Exercise brief:
What is needed is the exact text of each line in the listing below from the one with "Next I add my fresh" up to and including the one with "Bernie Williams is", and no pictures.

Input:
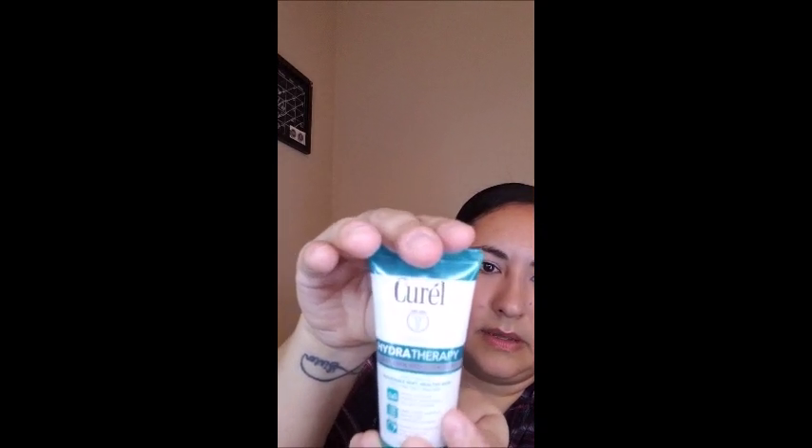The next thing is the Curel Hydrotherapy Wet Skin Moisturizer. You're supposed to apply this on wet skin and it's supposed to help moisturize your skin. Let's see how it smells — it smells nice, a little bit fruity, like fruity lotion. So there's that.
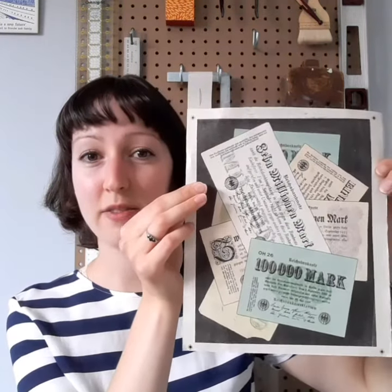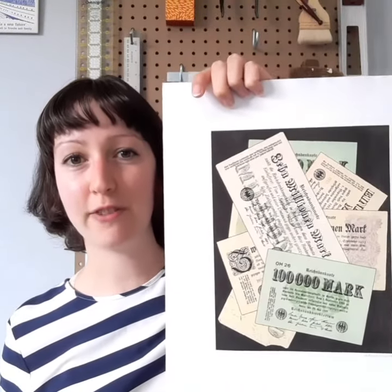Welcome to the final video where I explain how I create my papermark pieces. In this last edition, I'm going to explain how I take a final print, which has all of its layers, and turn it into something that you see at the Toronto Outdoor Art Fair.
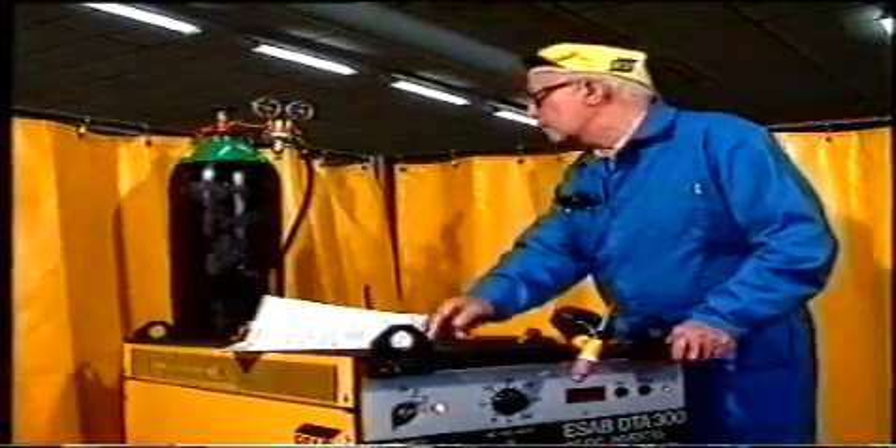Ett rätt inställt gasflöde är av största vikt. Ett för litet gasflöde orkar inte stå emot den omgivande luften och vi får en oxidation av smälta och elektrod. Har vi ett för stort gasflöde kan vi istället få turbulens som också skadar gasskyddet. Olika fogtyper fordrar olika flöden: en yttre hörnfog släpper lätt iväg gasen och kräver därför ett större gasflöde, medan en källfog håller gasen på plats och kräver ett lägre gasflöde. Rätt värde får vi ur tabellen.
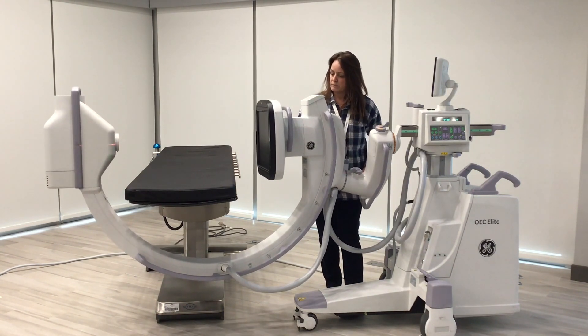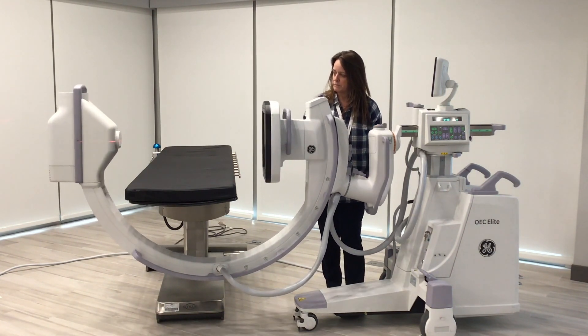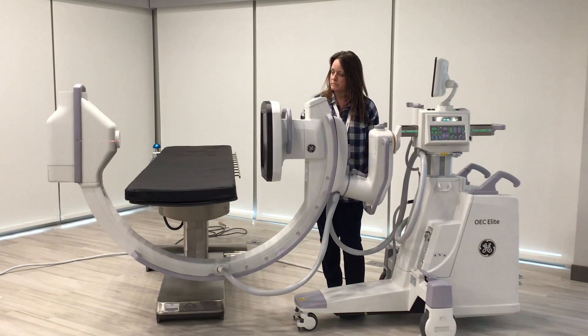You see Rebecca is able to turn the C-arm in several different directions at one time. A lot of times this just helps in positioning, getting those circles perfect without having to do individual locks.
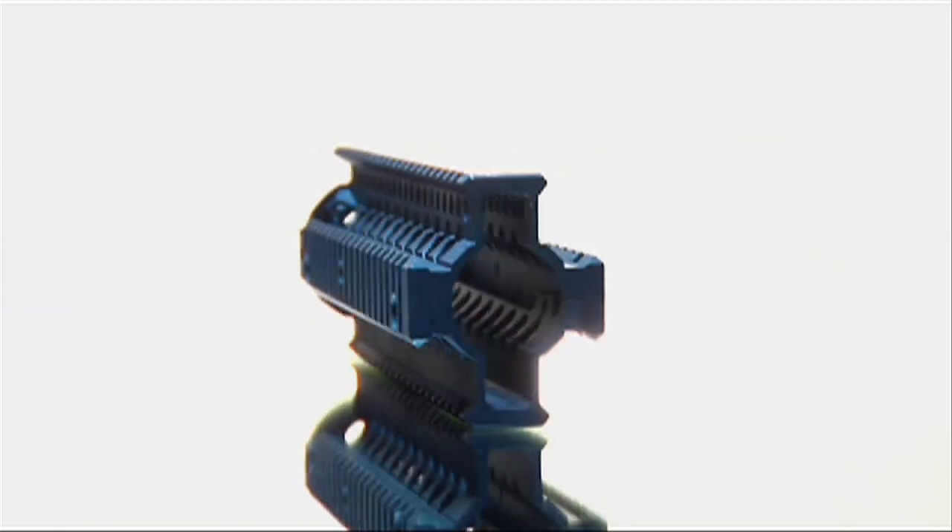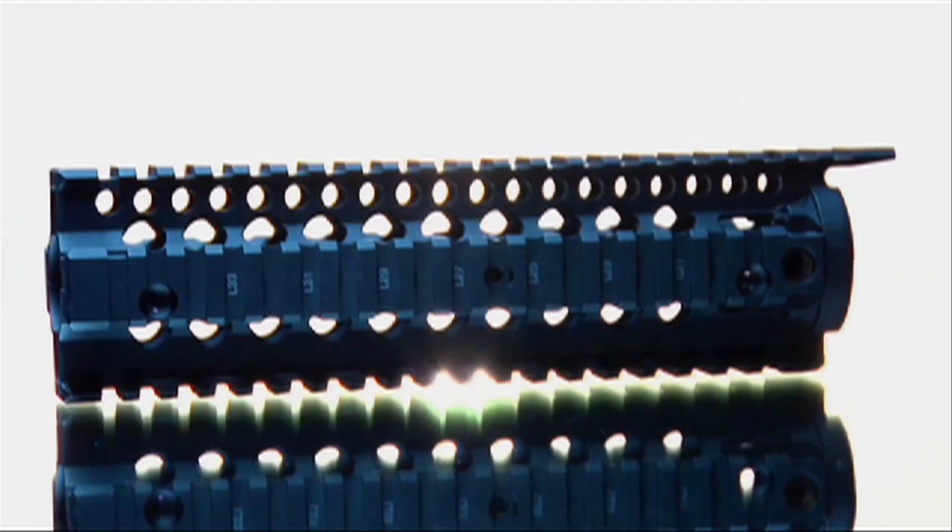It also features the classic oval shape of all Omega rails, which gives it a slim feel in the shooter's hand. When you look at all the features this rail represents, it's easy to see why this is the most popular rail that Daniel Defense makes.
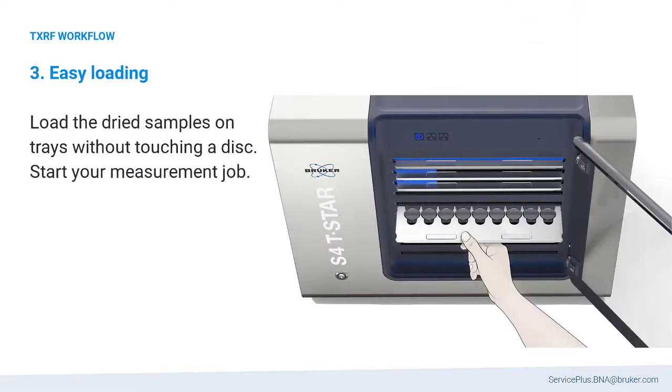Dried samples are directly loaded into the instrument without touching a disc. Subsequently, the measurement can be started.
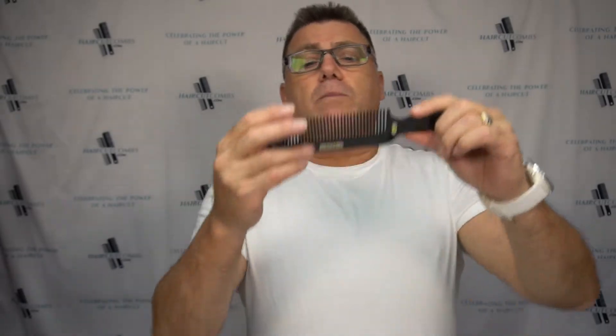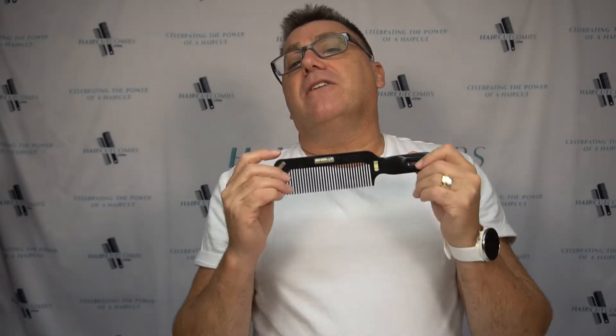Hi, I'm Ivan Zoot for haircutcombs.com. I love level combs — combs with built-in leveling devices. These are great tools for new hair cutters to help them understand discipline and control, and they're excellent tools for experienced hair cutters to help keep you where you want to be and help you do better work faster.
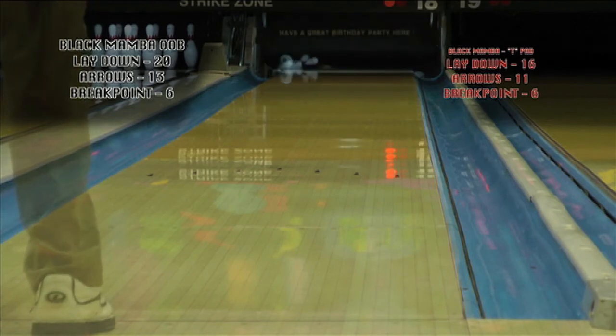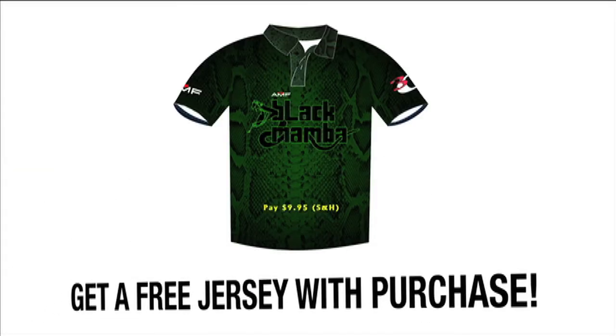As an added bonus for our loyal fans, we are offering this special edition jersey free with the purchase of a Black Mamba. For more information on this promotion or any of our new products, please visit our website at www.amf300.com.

==

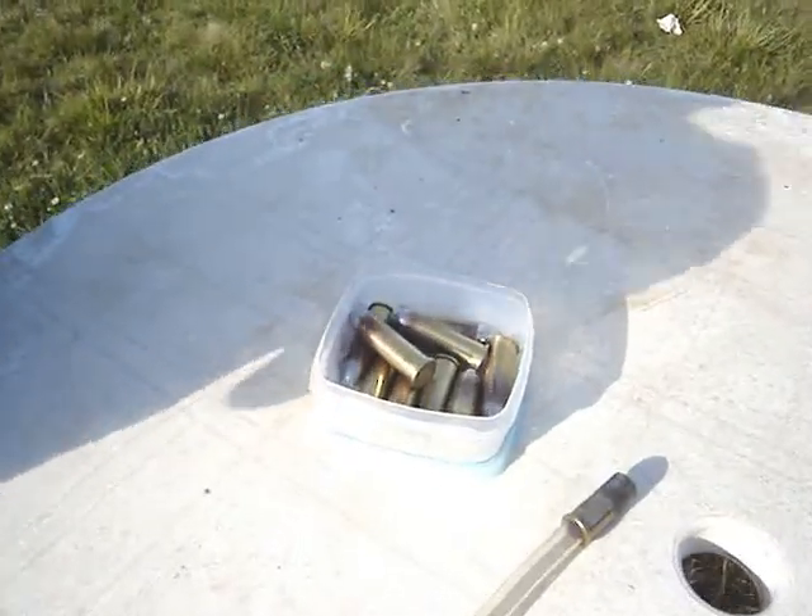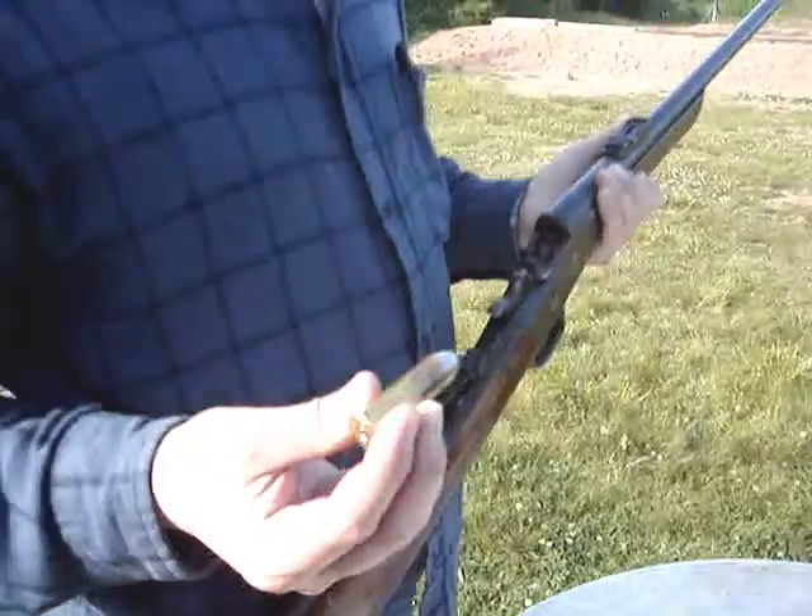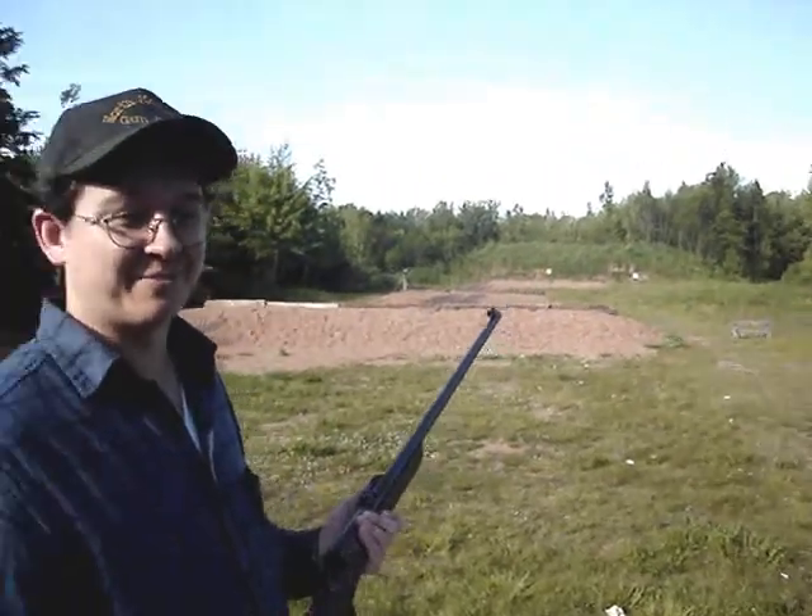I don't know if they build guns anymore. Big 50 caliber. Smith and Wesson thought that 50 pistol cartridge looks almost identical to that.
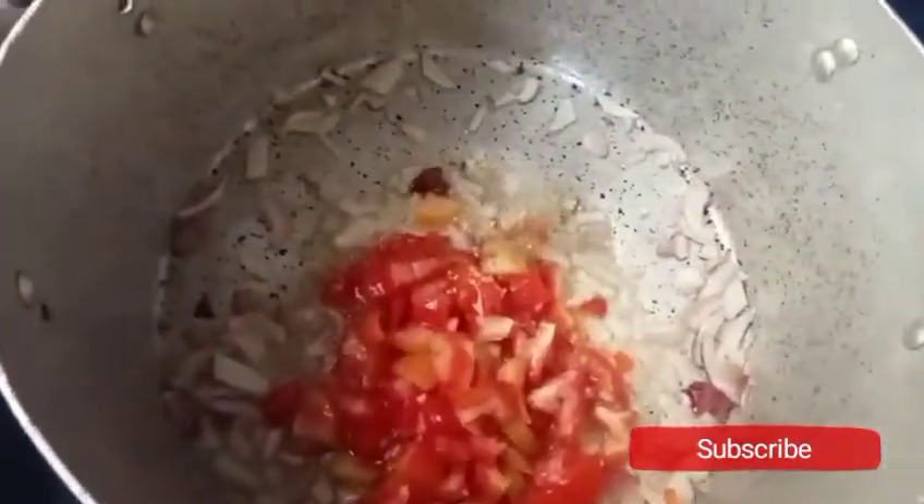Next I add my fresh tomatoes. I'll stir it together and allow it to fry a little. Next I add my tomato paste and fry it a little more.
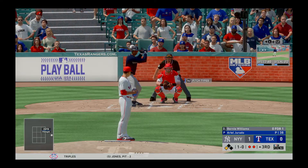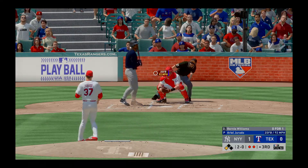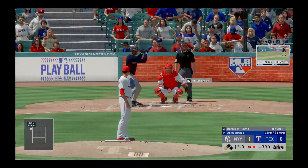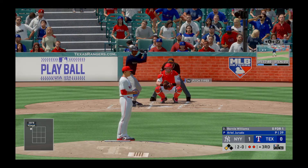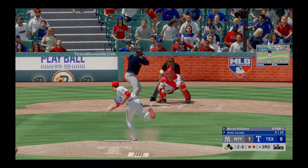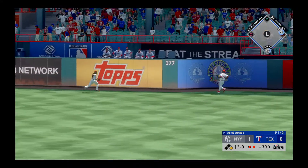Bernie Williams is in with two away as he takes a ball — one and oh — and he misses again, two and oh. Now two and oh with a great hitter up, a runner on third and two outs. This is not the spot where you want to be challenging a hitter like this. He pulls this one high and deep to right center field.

Exercise result:
Next I add my fresh tomatoes. I'll stir it together and allow it to fry a little. Next I add my tomato paste and fry it a little more.
Bernie Williams is in with two away as he takes a ball — one and oh — and he misses again, two and oh. Now two and oh with a great hitter up, a runner on third and two outs. This is not the spot where you want to be challenging a hitter like this. He pulls this one high and deep to right center field.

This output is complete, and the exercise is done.